-- Data under study follows --
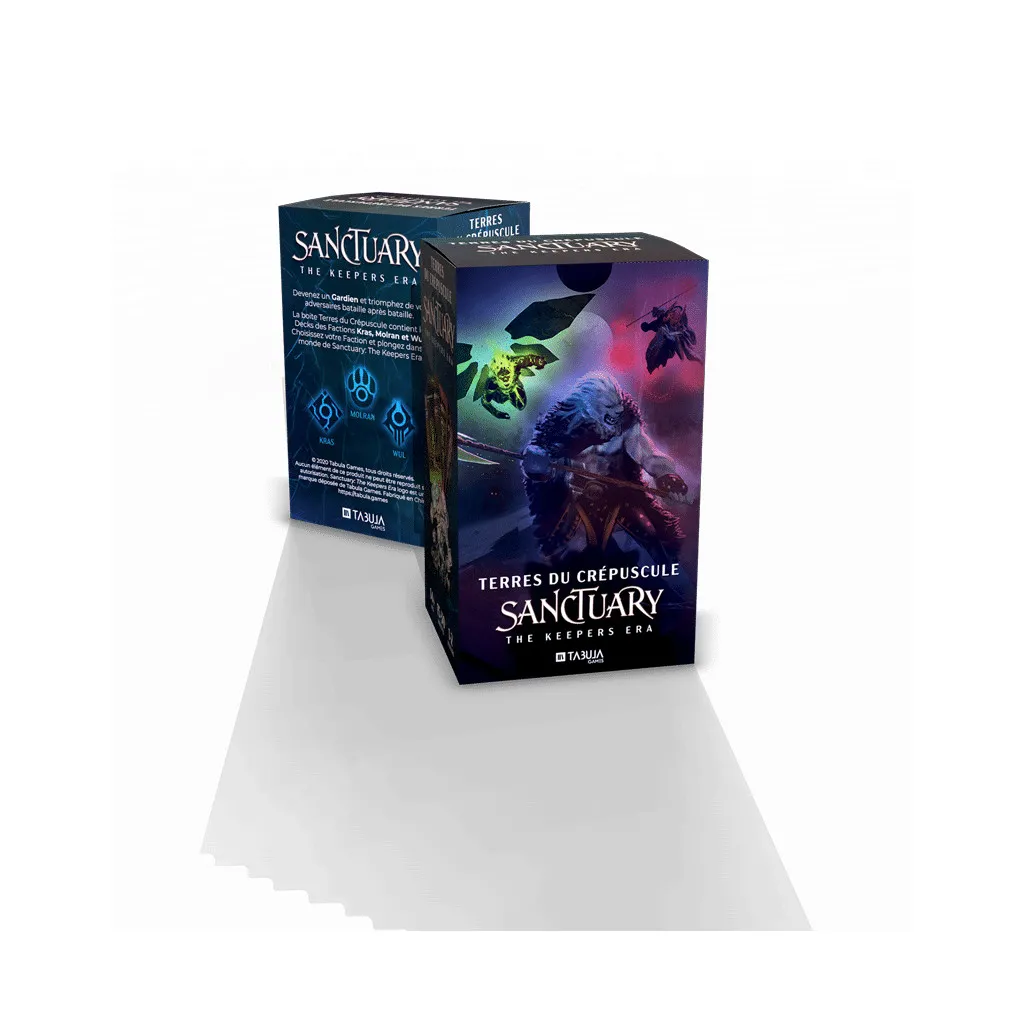 Sanctuary : Terre du Crépuscule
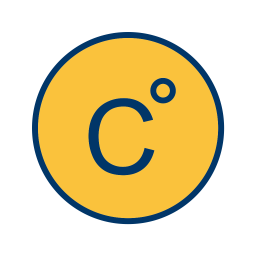 Celcius  Icon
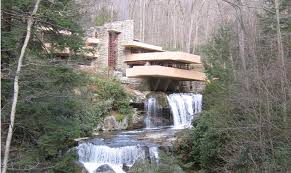 Fallingwater Architectural Masterpiece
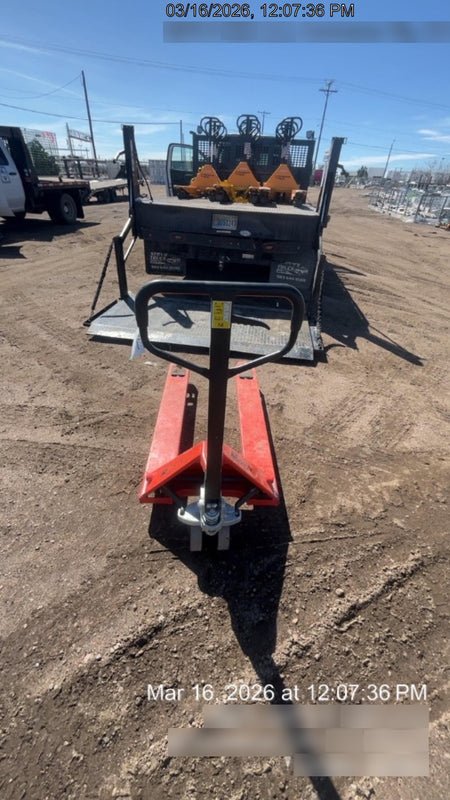 2024 MIGHTY LIFT ML55M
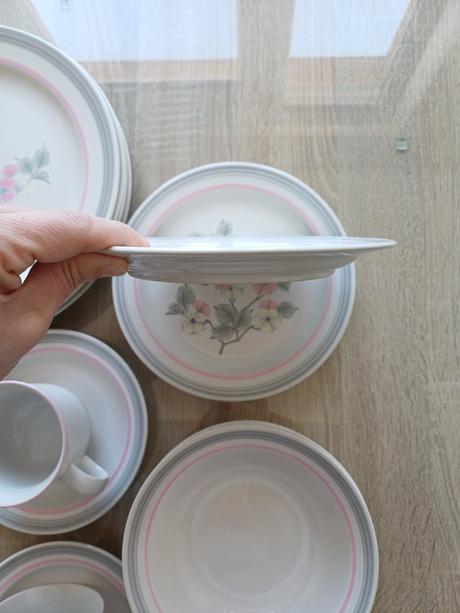 Kuchynský riad - 20-dielny, 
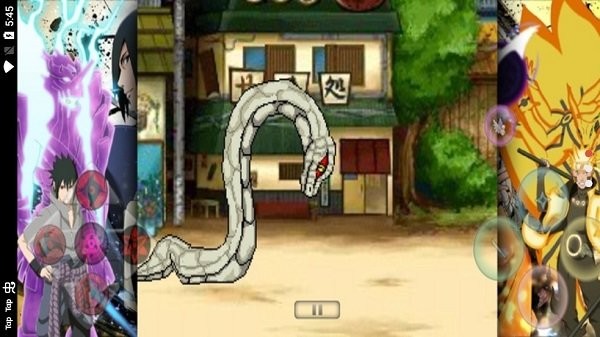 死神vs火影墨離改 v1.3.1 安卓版 2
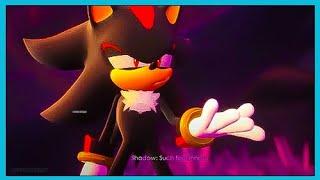 Sonic Omens All Shadow Cutscenes and Boss Fights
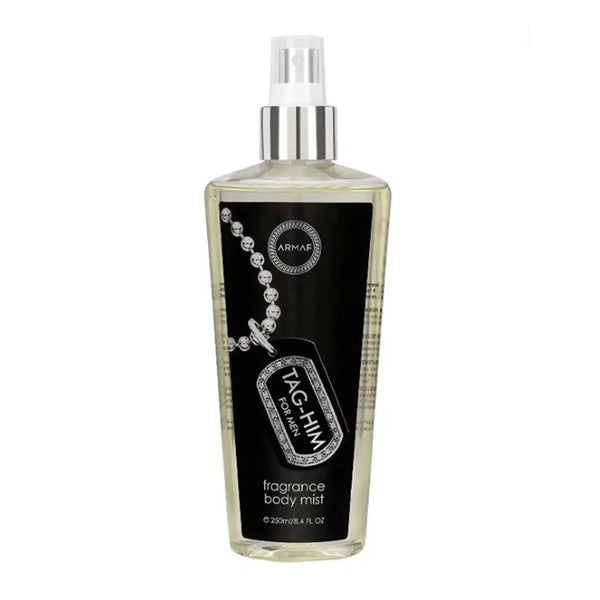 Armaf Tag-Him For Men Spray Corporal Perfumada 250ml Spray - ARMAF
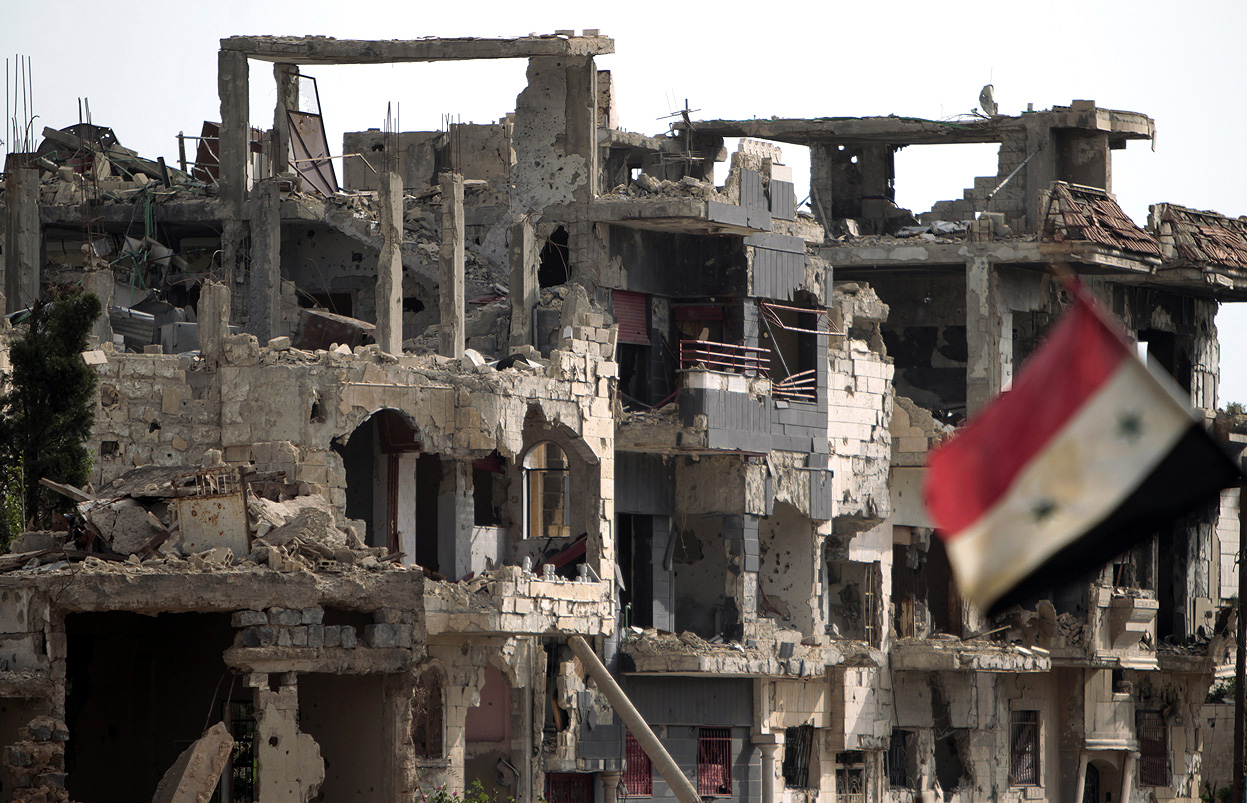 هل سيكون عام 2015 فاصلا في الصراع السوري؟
-- Data under study concluded --
Required action | Retype each entry precisely. Skip images entirely.

Answer area |
 Sanctuary : Terre du Crépuscule
 Celcius  Icon
 Fallingwater Architectural Masterpiece
 2024 MIGHTY LIFT ML55M
 Kuchynský riad - 20-dielny, 
 死神vs火影墨離改 v1.3.1 安卓版 2
 Sonic Omens All Shadow Cutscenes and Boss Fights
 Armaf Tag-Him For Men Spray Corporal Perfumada 250ml Spray - ARMAF
 هل سيكون عام 2015 فاصلا في الصراع السوري؟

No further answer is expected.